Our Classmate AI allows us to procedurally generate students with human-like traits to influence their interactions with the player. Using Fable's Reputation system as a foundation, we designed a system that uses both a Global and Local Heuristic to influence the player's "reputation" within an individual's eyes. When you combine the result of this influence with the student's personal trait influence, we get an 'Absolute Opinion' of the player.

The Absolute Opinion drives the AI to enable or disable certain actions/responses as the game progresses. For example:

Stealing a potion ingredient from a student reduces the Local Opinion of the player for this specific student; simultaneously increasing certain personality properties such as anger and antisocial behavior. This influence now causes the player to be unable to study with this student, as their Absolute Opinion is now out of favor of the player.

Tools for Creating Better AI

I've spent a large portion of our development working on a tool for our designers to generate personalities of AI. Using procedural generation in combination with the Reputation System mentioned above, AI will react differently to the player with human-like variance. 

One topic we've wrestled with before is, "how much AI is too much AI?" 

We were speculative of making  the AI dependent on so many random variables that the game experience becomes clouded and chaotic to the player. To mitigate this, we came up with an assortment of personality traits that can be viewed as positive and a list of opposing traits that were viewed as negative.

Using two opposing traits rather than a single trait with negative and positive values allows us to create a more realistic individual. For example: somebody might be primarily lawful and think that cheating in school is wrong. This means that they are prone to recognizing suspect behavior and reporting it in to the teacher. However, if their personal view of the player + their unlawful nature outweigh that general desire to be lawful, they will refrain from telling on the player. This better reflects a human's personality than say, a single value boiling down to: "I'm always kind of lawful in any situation..."

AI Behaviors

A large portion of my work on this project involves creating the AI's behaviors. Unreal Engine has a strong visual editor for behavior trees that allows for close control of how our students interact with the player and world around them. Since cheating is a large focus of our game, we grouped together as a team to decide what behaviors made sense and under what conditions they could occur.

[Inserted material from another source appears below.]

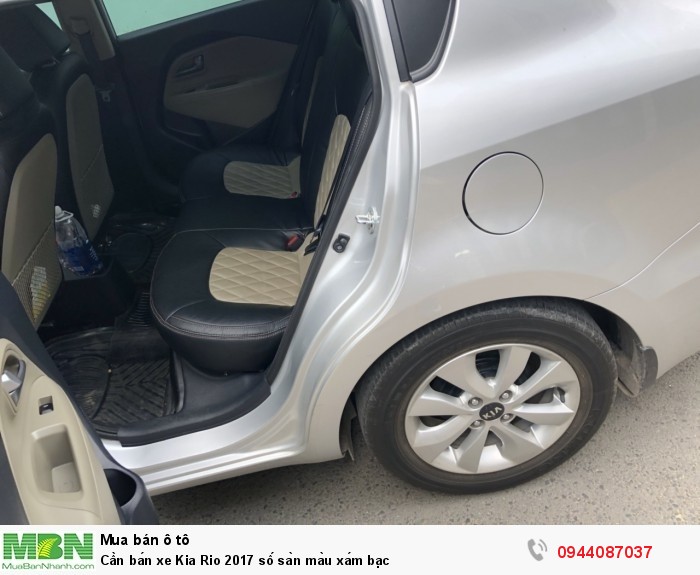 Cần bán xe Kia Rio 2017 số sàn màu xám bạc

Above is an example of how our students react when distracted. The player has various means of distracting their colleagues, that when used properly, can assist the player in cheating. On the other hand, distractions can draw attention to the player, and make it more difficult to bend the rules.

The red debug bounding box creates Distraction events. The pink debug box in the background creates a different type of event called Suspicion events. Distraction events override the AI's behavior while Suspicion events raise the classroom's Suspicion level. The player will be caught by the professor and be forced to retake the test if the Suspicion level gets too high. While events can happen anywhere, they are only useful if someone is there to observe them. Suspicion/Distraction events that are not seen by the AI are ignored, encouraging the player to be crafty in their approach. 

The students operate primarily in a state machine, carrying on from one task to the next in a sequence until they've completed a potion.

Part of what makes behavior trees messy is their ability to abort a behavior. The state of that behavior must some how be remembered in order to return to it after the aborting task is completed. For example, when a student's cauldron begins to boil over (lights on fire), the students stop what they're doing and reach for their spoon in an effort to quell the flames.

This kind of behavior works very well for a simple state machine pattern, but becomes increasingly complex as trees get larger and it becomes more unclear where the AI should resume after being interrupted.